Une opinion partagée par le collectif SOS Loue et rivières comtoises : « La saprolégniose n’est qu’une cochonnerie de plus, une maladie qui achève des poissons déjà très faibles », avance Jean-Michel Blondeau, un membre fondateur. « Les éclusées (lâchers d’eau des barrages), l’ouverture hors crues des vannes de fond, les stations d’épuration inexistantes ou pas aux normes, les nitrates et phosphates présents dans des algues jamais analysées, voire certains alevinages. Un cocktail explosif. […] Reconnaissons notre responsabilité collective et agissons avant que ne survienne un problème de santé publique. »
Le laboratoire neuchâtelois établit que la souche de Saprolegnia a été introduite récemment et se caractérise par sa virulence des souches pathogènes déjà présentes dans les milieux observés. Mais son origine reste inconnue, probablement anthropique : lâchers de poissons d'élevage contaminés, contamination par les bottes d’un pêcheur, la coque d’une embarcation, l'utilisation de vifs contaminés comme appâts, introduction d’espèces exotiques, exploitations aquacoles… D'autres vecteurs de la contamination peuvent être soupçonnés comme les écrevisses américaines.

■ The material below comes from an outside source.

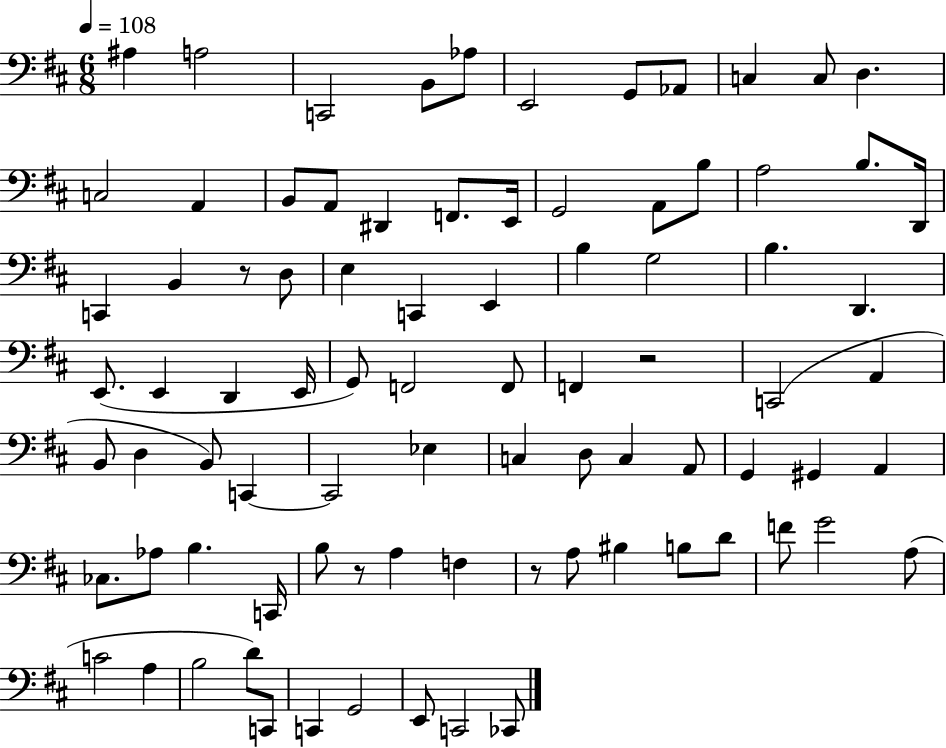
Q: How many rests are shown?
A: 4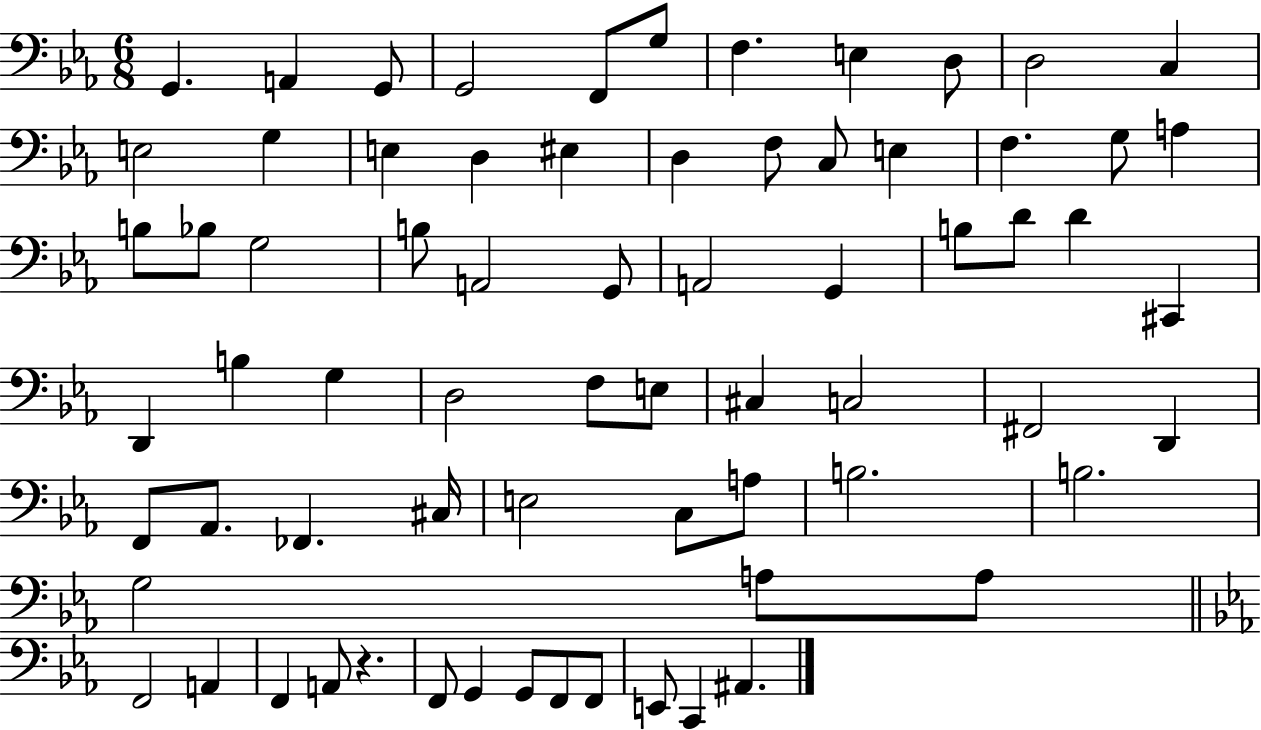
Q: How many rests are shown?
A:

En effet, aux États-Unis, une écrevisse loge un tueur de grenouilles. Il s'agit également d'un champignon qui provoque la chytridiomycose décimant les amphibienset qui est aussi hébergé par les écrevisses ! C'est ce que révèle Tegan McMahon, de l'université de Floride du Sud. Dans le Colorado et en Louisiane, près de 30 % de ces crustacés sont contaminés par Batrachochytrium dendrobatidis. Des expériences en laboratoire montrent que des spores du pathogène, déposées dans l'eau, se logent dans la paroi intestinale des écrevisses, d'où elles peuvent ensuite contaminer les grenouilles. Ces réservoirs biologiques expliqueraient la virulence et la persistance de l'infection, en partie responsable du déclin des amphibiens.
En définitive, on ne peut que recommander pour éviter la propagation de Saprolegnia à d’autres cours d’eau de procéder à la désinfection du matériel ayant été en contact avec les eaux contaminées avec une solution javellisée ou alcoolique.
Rappelons que, dès mai 2011, la préfecture du Doubs avait demandé au laboratoire vétérinaire de Poligny (Jura français) d'étudier le problème de la saprolégniose, une maladie qui se manifeste par l’apparition d’un champignon sur le corps du poisson et qui n’occasionne en général qu’une faible mortalité. Les conclusions du labo : « Les poissons présentent des lésions dues à des surinfections externes cutanées par des saprolegnia banales. Aucun autre agent pathogène n’a été trouvé en quantité suffisante ».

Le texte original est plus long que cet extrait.